Escaping versions for wheel, sdist, and .dist-info names

The discussion in Clarify naming of .dist-info directories has reminded me of a couple subtle problems with PEP 427 and its handling of versions in wheel filenames, and now that progress is being made on escaping of versions in sdist and .dist-info directory names, this seems like as good a time as any to bring it up.

Problem number 1: PEP 427 requires that the version component of a wheel filename only contain alphanumeric characters, underscores, and periods, with all other characters converted to underscores; however, this overlooks the fact that, per PEP 440, version strings can also contain exclamation points (to denote version epochs) and plus signs (to denote local version identifiers). Converting these two symbols to underscores causes a loss of information that makes it impossible in certain cases to compare the versions of two wheels just by inspecting their filenames; for example, 1!2, 1+2, and 1-2 all end up escaped as 1_2 (which, incidentally, is not a valid PEP 440 version; see below). The wheel project ran into this problem in issue 268, which led to them greatly loosening their wheel filename regex, and the author of PEP 427 has written that applying the same escaping rules to the version component as to the other filename components is “probably a mistake”, yet there does not appear to have ever been any follow-up on this.

I would thus like to request that the relevant standards be amended to allow ! and + in version components of wheel, sdist, and .dist-info names. For the record, a scan yesterday of the 1,396,899 wheels on PyPI found 58 with exclaimation points in their versions and 244 with plus signs (the latter presumably uploaded before Warehouse started blocking local versions), in comparison to the 998 with underscores in their version components.

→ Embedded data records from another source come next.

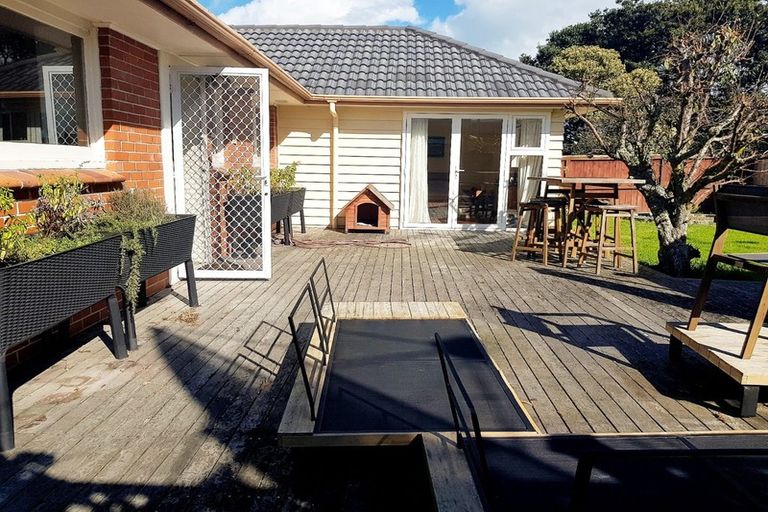 Photo of property in 19 David Street, Bayswater, Auckland, 0622
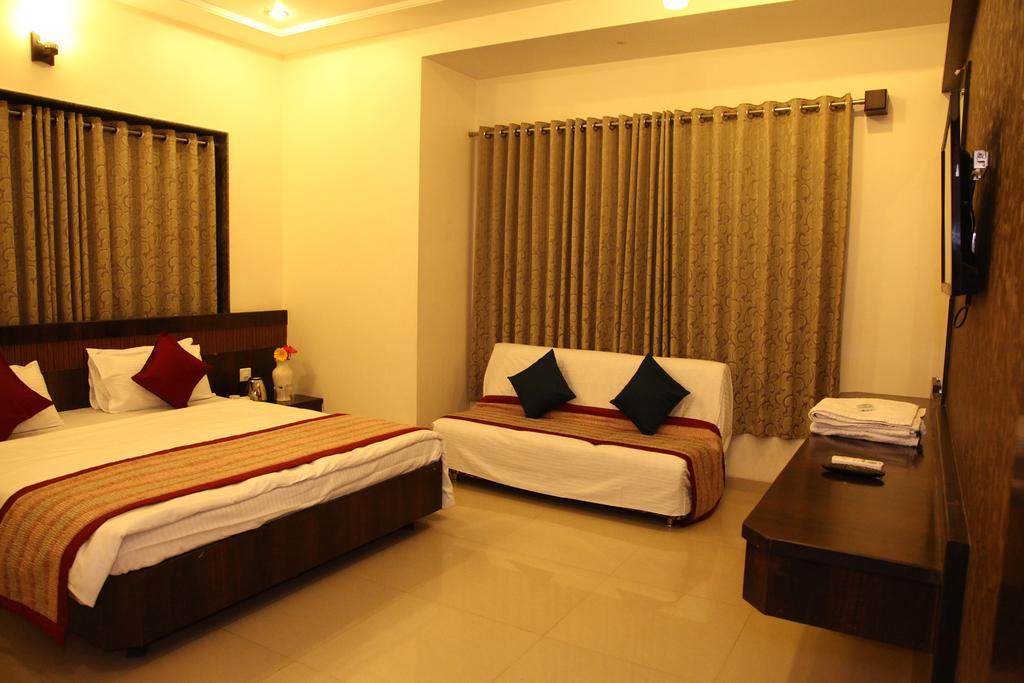 Hotel Sai Ramanand Shirdi Ngoại thất bức ảnh
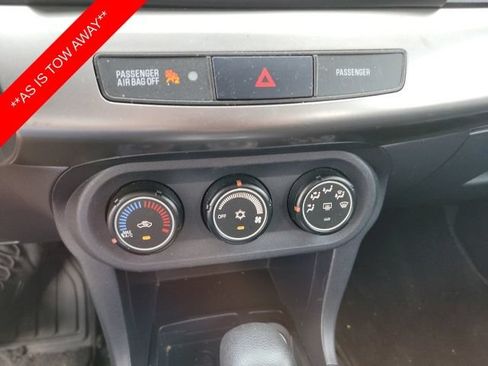 Used 2015 Mitsubishi Lancer ES FWD image 13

The second problem with version escaping as currently specified is its blanket transformation of all hyphens to underscores. Under PEP 440, hyphens and underscores in version strings are completely interchangeable, with one exception: the post in a post-release specifier can be replaced by a hyphen and only by a hyphen. (Interestingly, this restriction contradicts the statement later in the PEP that “[PEP 440] allows [the underscore’s] use anywhere that - is acceptable.”) So if we start out with a version string of the form 1.0-1 (an alternative spelling of the canonical 1.0.post1), it gets escaped to 1.0_1, which is not a valid PEP 440 version.

Possible ways to handle this are:

  • Amend PEP 440 and packaging to permit underscores in place of post

  • Require versions to be canonicalized before escaping, thereby eliminating all hyphens without affecting PEP 440 validity. (The .dist-info name proposal already requires project names to be canonicalized, but not versions.)

  • Amend the escaping rules for version components to be “Replace all hyphens with underscores, except for those hyphens that indicate an implicit post release, which should instead be replaced with the string .post.”

  • Require versions to be escaped by converting them to an equivalent form modulo canonicalization that does not contain a hyphen and leave it up to the wheel, sdist, and .dist-info generators exactly what they want to do.

  • Document that version strings in file & directory names need to be unescaped before use. Assuming that ! and + are allowed unescaped in version components, this leaves the hyphen as the only character in a valid PEP 440 string that needs escaping, and so unescaping is just s.replace("_", "-").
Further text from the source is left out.